══ MATERIAL PROVIDED ══

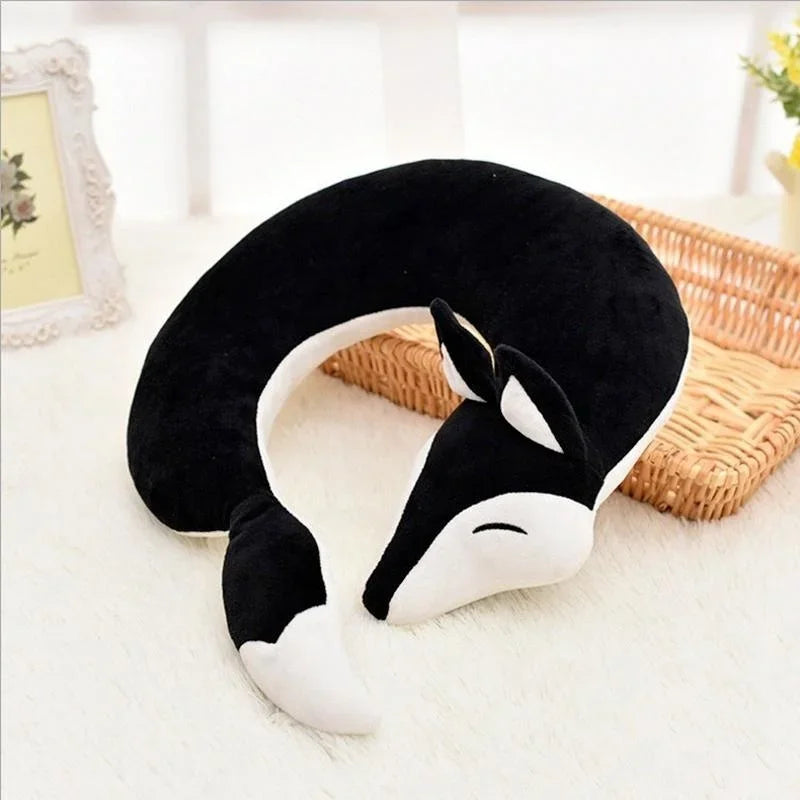 Travel Pillow U Shape Neck Pillow Cute Fox Pillow Hug Sleeping Pillows Ornamental Pillow Office Sleep Pillow 30*30*8CM Qme Black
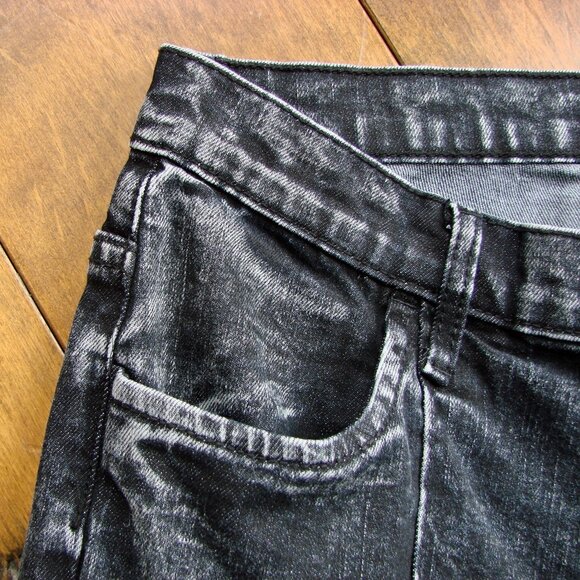 Flare Jeans Pearl Detailing Raw Hem Black Gray Boho Hippie Festival Wide Leg 6 - Picture 6 of 15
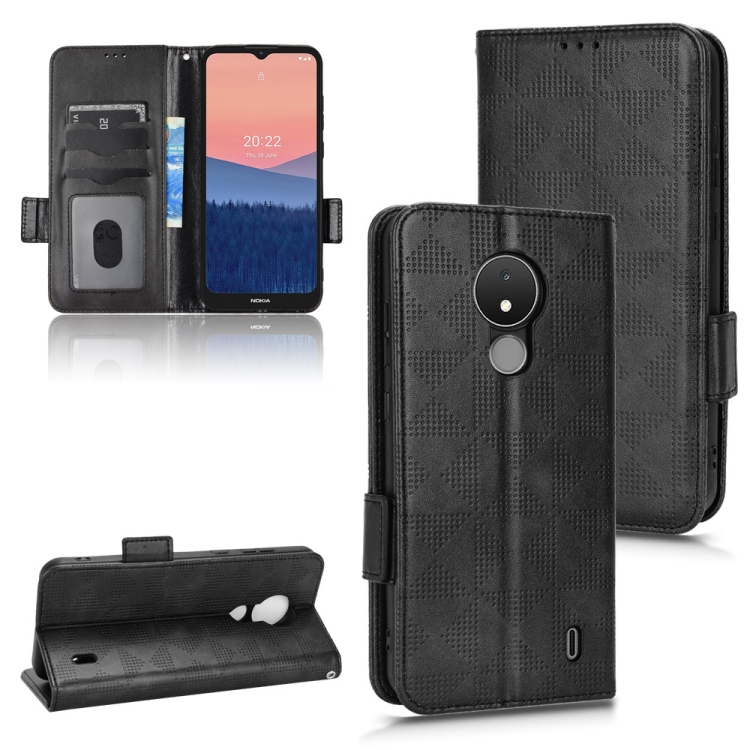 

For Nokia C21 Symmetrical Triangle Leather Phone Case(Black)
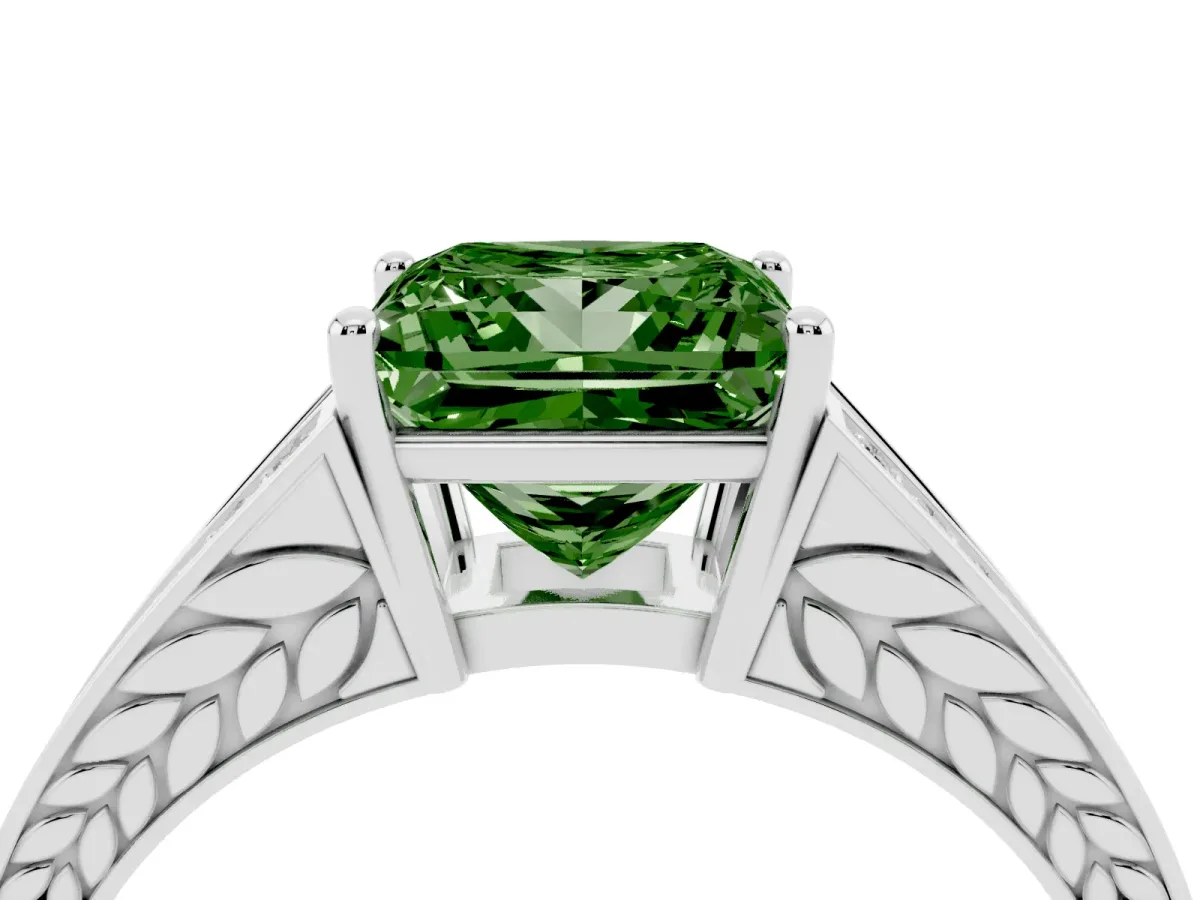 Fancy Green Princess Cut Diamond Split Shank Ring with Pavé Band and Four-Prong Setting Platinum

═══

EXERCISE REQUIREMENTS:
From the line that contains "Flare Jeans Pearl" to the last line of the data above, inclusive, transcribe every line exactly and only those lines, omitting pictures.

ANSWER TO THIS PROBLEM:
 Flare Jeans Pearl Detailing Raw Hem Black Gray Boho Hippie Festival Wide Leg 6 - Picture 6 of 15

For Nokia C21 Symmetrical Triangle Leather Phone Case(Black)
 Fancy Green Princess Cut Diamond Split Shank Ring with Pavé Band and Four-Prong Setting Platinum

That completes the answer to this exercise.